Mais les propositions assumées par les Etats ne sauraient véritablement constituer la position officielle des Nations Unies quant à la définition de la R2P. En d’autres termes, cette définition, qui favoriserait certainement une formalisation de ce principe par la doctrine et un début d’opérationnalité, fait encore défaut.

 

 

***

Comme le préconise le Groupe ad hoc du CES, Haïti en appelle à « une approche constructive » ayant en ligne de mire la restauration des institutions étatiques et l’adaptation de la présence internationale, de manière à établir, de manière efficace, une répartition des compétences et des responsabilités caractéristique d’une démocratie vivante et d’un pouvoir effectif (rapport E/2009/105, Op. cit., parag.20, in fine)*. 

 

Les négociations qui s’ouvrent le 25 Janvier sur la reconstruction d’Haïti en Amérique du Nord doivent (à l’indicatif et pas au conditionnel !) donc respecter les composantes essentielles de la R2P, que sont la responsabilité de prévenir et la responsabilité de  reconstruire de façon durable un pays sinistré de toute part. Il n’est plus question d’appliquer à Haïti, des solutions qui ressemblent fort bien à des cataplasmes sur une jambe de bois.

 

Ce n’est qu’en ce sens et à ce titre, que les mots Humanité et Civilisation prendront tout leur sens et porteront avec dignité l’empreinte de l’Etre humain. 

 

 

Conclusion

 

En considération des assauts extérieurs, qui ont fondamentalement contribué à sa misère, Haïti mérite que soit reconnue à son Peuple, la mise en œuvre de tous les effets de la Responsabilité internationale de protéger.

 

En l’espèce, ce principe devra être fondé, non essentiellement sur l’exigence de solidarité à l’égard des souverainetés en panne, mais aussi et surtout sur l’obligation de réparer un, voire des torts que l’ONU et ses Etats membres ont, en amont causé (s) par action ou distraction ; par abstention ou pusillanimité contre un pays qui frémit depuis une soixantaine d’années au bord du gouffre. Car en dehors de l’aptitude des Etats à assumer leurs devoirs vis-à-vis des populations vivant sous leur juridiction, cette notion de responsabilité doit nécessairement s’accompagner d’une obligation de prudence et de prévention au regard des facteurs de chaos dont la probabilité est clairement attestée.

 

Or, Haïti et – comble de l’ironie ! – les Nations Unies elles-mêmes, n’ont nullement bénéficié de la vigilance de la présence internationale, qui y est installée depuis la restauration du régime de Jean-Bertrand Aristide.
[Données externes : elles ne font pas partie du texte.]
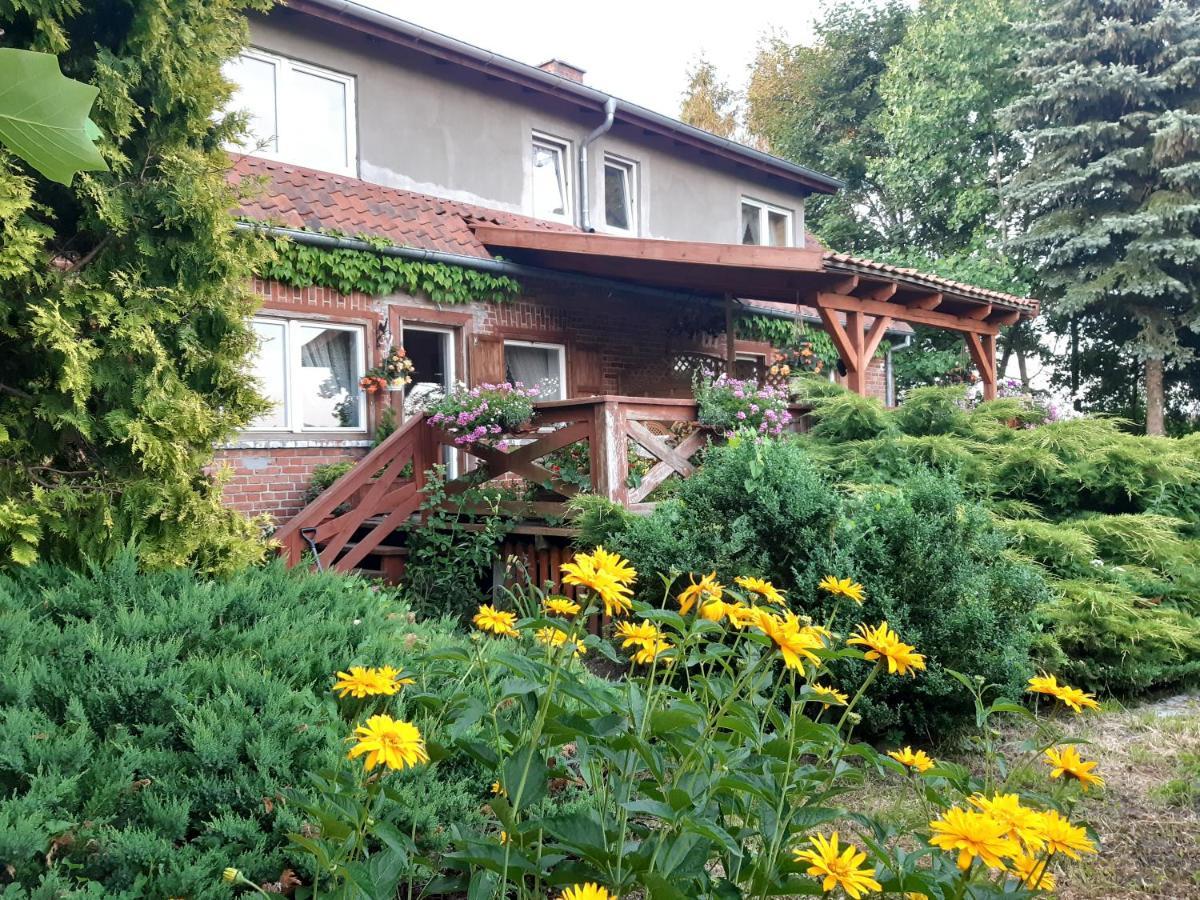 Dziki Brzeg Jezioraka Villa Zalewo  Kültér fotó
Le présent sujet faisant partie des quatre (4) thématiques choisies pour le cycle des Conférences de l’association Afrique Multiculturelle en 2010 à Nancy, on se contentera de noter, en l’état, l’illisibilité de la R2P au bénéfice d’Haïti. D’où l’aiguillon nécessaire que peut constituer la mobilisation de l’opinion publique internationale.

 

Mais en attendant l'approfondissement ultérieur des réflexions suscitées par le violent séisme de janvier, il importe de constater la faillite du i tréma dans cette partie du monde : Caraïbes, Gonaïves, Haïti!